## GIVEN DATA
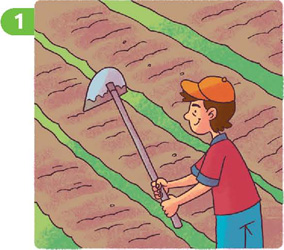 IMAGEM: série de quatro quadros ilustrados. o primeiro quadro mostra um homem, vitor, rastelando áreas de terra vegetal. FIM DA IMAGEM.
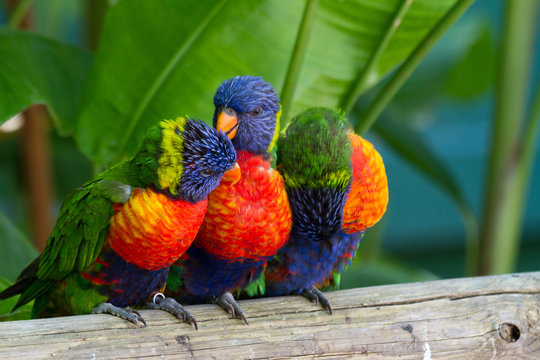 Perroquets multicolores, loris de swanson, Guadeloupe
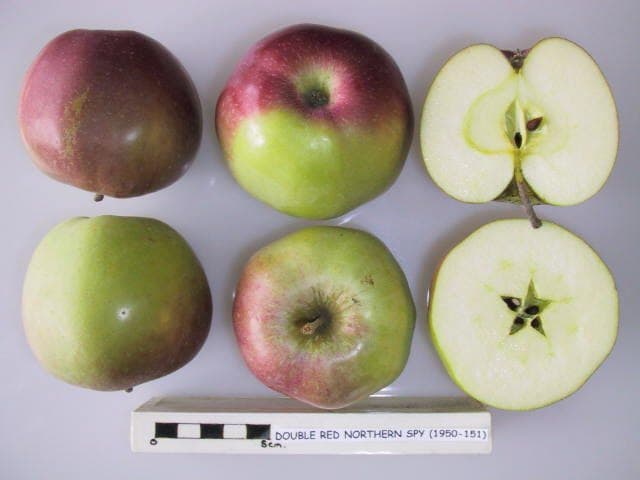 Double Red Northern Spy apple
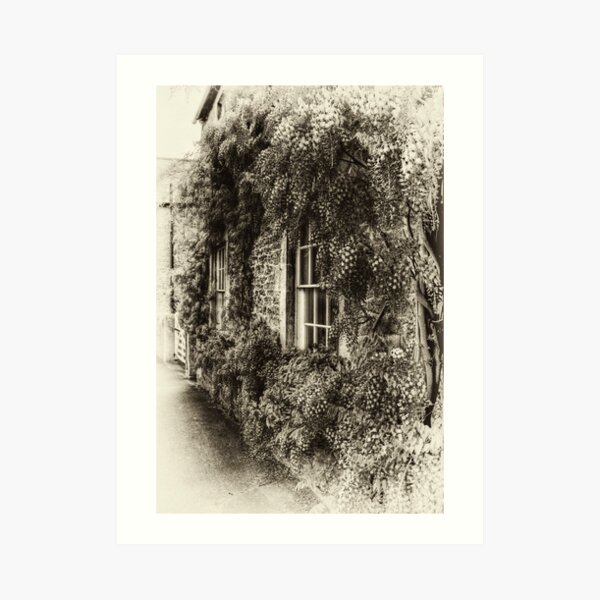 The Wisteria Window Art Print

## WHAT YOU HAVE TO DO
Would you please transcribe the listing in full, exactly, while omitting the images?

## ANSWER TO THE PROBLEM
 IMAGEM: série de quatro quadros ilustrados. o primeiro quadro mostra um homem, vitor, rastelando áreas de terra vegetal. FIM DA IMAGEM.
 Perroquets multicolores, loris de swanson, Guadeloupe
 Double Red Northern Spy apple
 The Wisteria Window Art Print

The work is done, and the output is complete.